Life out of the TV spotlight

AFTER playing for TV audiences of two million, travelling to London with Kylie Minogue and meeting singer Chris Martin from Coldplay, anyone would be be forgiven for finding it hard to get back to the lacklustre rhythm of ordinary life.

John Lingard, 26, is back home in Bendigo this week after being knocked out of Channel Nine's hit talent show The Voice.

"It's quite a weird feeling because one day you're hanging out with all these celebrities and you're on TV and then the next day someone’s just given you a parachute and pushed you off the edge," Lingard said.

The last week or so I’ve found it quite stressful thinking about everything. - John Lingard

He said the enormity of his experience hit him one day during a rehearsal with Minogue but also helped him realise such success was not as "untouchable" as he once thought.

"It makes you realise it's something that isn't so far away, it's a possibility."

Now he faces the challenge of pursuing his career without the platform that national television provides.

He used to have a back-up plan, but has ditched it, citing a comment from a university lecturer that, "if you have a back plan you'll probably fall back on it".

"The last week or so I’ve found it quite stressful thinking about everything," he said. 

After resting from the rigours of the show, Lingard plans to go back to playing gigs and song-writing, with hopes of an album in the near future. He said there were "a couple" of Bendigo gigs coming up but couldn't confirm dates or locations.

HOME: John Lingard at his Bendigo house after being knocked out from The Voice.
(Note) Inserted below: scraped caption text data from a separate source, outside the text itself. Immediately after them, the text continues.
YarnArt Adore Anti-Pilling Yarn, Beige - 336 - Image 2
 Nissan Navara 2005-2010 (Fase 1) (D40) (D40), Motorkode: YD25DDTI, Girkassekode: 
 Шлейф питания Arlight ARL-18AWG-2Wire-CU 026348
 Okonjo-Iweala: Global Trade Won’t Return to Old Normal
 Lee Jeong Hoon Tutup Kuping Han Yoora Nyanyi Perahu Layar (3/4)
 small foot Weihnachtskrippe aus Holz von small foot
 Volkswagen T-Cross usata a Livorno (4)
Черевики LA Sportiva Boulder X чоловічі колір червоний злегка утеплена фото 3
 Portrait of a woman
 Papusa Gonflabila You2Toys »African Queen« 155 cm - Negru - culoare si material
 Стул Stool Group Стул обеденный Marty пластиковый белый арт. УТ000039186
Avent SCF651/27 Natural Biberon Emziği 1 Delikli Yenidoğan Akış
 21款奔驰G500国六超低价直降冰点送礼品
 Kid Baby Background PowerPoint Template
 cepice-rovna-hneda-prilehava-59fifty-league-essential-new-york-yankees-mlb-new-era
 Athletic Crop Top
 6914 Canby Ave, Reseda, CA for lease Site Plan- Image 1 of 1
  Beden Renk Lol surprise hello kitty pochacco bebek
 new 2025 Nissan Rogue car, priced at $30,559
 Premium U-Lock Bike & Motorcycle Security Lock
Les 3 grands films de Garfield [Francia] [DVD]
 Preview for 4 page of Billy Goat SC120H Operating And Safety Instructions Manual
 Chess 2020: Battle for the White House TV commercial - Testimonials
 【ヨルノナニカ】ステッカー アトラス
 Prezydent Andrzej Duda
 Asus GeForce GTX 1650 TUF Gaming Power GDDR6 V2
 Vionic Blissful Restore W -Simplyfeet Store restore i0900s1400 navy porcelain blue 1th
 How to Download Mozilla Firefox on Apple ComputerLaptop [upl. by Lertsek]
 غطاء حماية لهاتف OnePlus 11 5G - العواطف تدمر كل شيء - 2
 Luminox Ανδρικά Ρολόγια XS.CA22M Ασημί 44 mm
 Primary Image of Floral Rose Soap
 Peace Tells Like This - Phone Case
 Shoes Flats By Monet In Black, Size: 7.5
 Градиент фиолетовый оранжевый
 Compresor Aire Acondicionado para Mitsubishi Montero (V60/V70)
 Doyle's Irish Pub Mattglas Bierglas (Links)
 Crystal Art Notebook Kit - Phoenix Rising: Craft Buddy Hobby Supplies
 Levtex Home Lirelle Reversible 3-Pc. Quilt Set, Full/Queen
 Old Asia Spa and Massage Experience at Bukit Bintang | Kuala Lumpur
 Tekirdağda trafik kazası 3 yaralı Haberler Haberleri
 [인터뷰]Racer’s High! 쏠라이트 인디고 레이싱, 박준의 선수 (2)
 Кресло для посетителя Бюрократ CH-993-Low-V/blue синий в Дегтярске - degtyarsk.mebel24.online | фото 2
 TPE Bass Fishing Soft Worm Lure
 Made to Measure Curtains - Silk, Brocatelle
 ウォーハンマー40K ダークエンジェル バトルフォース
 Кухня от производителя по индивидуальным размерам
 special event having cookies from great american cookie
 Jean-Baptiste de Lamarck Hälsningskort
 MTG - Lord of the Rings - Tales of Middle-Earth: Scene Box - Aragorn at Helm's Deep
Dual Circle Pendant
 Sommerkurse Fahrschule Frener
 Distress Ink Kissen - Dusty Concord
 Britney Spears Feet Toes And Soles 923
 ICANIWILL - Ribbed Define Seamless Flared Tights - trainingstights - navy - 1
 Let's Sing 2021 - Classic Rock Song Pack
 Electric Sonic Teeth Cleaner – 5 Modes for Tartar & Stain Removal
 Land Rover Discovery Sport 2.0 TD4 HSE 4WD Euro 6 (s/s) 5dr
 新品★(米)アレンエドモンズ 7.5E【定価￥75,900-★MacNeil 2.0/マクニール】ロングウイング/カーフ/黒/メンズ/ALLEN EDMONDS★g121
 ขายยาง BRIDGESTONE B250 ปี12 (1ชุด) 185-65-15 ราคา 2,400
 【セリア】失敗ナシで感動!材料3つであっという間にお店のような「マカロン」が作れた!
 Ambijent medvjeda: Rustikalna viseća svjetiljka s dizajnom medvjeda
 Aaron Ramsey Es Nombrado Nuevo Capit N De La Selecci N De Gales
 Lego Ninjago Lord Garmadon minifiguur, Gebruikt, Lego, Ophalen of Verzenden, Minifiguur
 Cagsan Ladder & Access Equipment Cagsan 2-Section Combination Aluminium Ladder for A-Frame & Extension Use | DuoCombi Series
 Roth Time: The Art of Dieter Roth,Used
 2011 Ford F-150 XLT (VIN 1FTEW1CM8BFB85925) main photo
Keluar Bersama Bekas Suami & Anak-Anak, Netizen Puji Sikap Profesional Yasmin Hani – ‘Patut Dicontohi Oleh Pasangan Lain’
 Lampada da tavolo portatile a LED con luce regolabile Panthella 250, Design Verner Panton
Picture:JIM ALDERSEY

HOME: John Lingard at his Bendigo house after being knocked out from The Voice. Picture:JIM ALDERSEY

Despite his success on the show and encouraging comments from music industry giants and TV show judges Joel Maddan, will.i.am, Ricky Martin and Minogue, Lingard still gets nervous before gigs.

He said caring about what his audience thought was part of The Voice experience, and it was difficult at times.

"The general public don’t realise what goes into one of those shows - the complexity behind just that one minute and thirty seconds," he said. 

"People can be brutal, if you play a bung note, on social media they’ll let you hear about it."

He was interested to learn from Kylie that she rarely watched her performances back. While in London he discussed with her the strong criticism she received for her Logies performance in April.

"She was just saying, 'what can you do', Australia for her has always been the most negative.

"I respect her a lot for that, she’s got a really thick skin."

Lingard said his own experiences with online comments about his performances had taught him not to read them.